*** Dataset content ***
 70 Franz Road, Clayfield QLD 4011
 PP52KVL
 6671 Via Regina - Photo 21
*** End of Dataset content ***
*** Dataset content ***
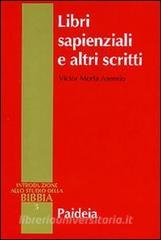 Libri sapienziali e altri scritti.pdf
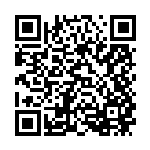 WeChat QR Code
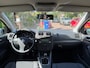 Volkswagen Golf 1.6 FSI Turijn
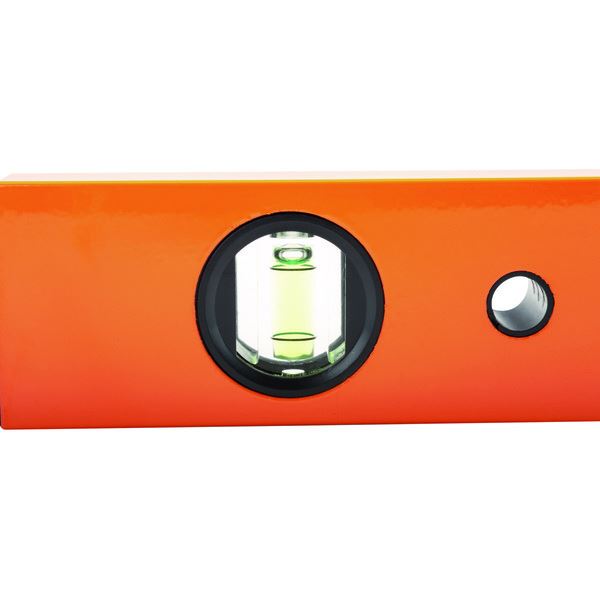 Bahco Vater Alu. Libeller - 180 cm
*** End of Dataset content ***
Taking the entries above, print exactly the lines starting at the line with "70 Franz Road, Clayfield QLD 4011" and ending at the line with "6671 Via Regina - Photo 21", both included.

 70 Franz Road, Clayfield QLD 4011
 PP52KVL
 6671 Via Regina - Photo 21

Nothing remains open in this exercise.